People who work and shop in the Fashion District have had to put up with a smelly mountain of garbage and armies of rats — until Friday. Now it's all gone.

It's a far cry what it looked like 24 hours ago, when the I-Team's Joel Grover spoke by phone with Mayor Eric Garcetti, who's in Hawaii for a conference.

Following the call, Garcetti immediately called the chief of sanitation.

Sanitation employees quickly moved in, working for almost nine hours straight, to haul away the tons of garbage. It was illegally dumped in the former clothing showroom and the adjacent public alley after the building burned in a fire 16 months ago.

Since then, the city has received 23 calls to 311 about the property on East Pico Boulevard. The 311 number is where the public can report garbage on public roads.

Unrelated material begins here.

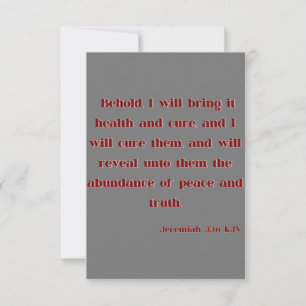 Cartão Jeremiah 33:6 KJV - Saudação de Escritura de Bíbli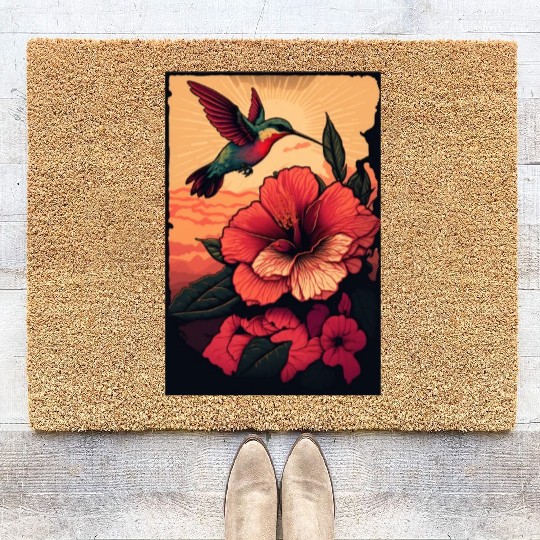 Hummingbird flies over hibiscus flower Tropical Coir Doormats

"The only time the city responds is when you're doing a report Rena Leddy said.

Leddy represents business owners in LA's Fashion District.

Since a 2018 fire, trash has been piling up at the former site of a Fashion District store. Joel Grover reports for the NBC4 News at 11 p.m. on Thursday June 27, 2019.

"We can't keep doing crisis management this way," Leddy said.

The Health Department issued a "courtesy notice" six months ago to the building's owner to clean up the trash and rodent infestation, but never followed up.

The Department of Building and safety never ordered a cleanup until NBCLA made inquiries this week.

After a fire in February 2018, this former clothing store became a neighborhood trash bin in Los Angeles' famed Fashion District. More than a year later, drone video captures the mountain of rat-infested garbage.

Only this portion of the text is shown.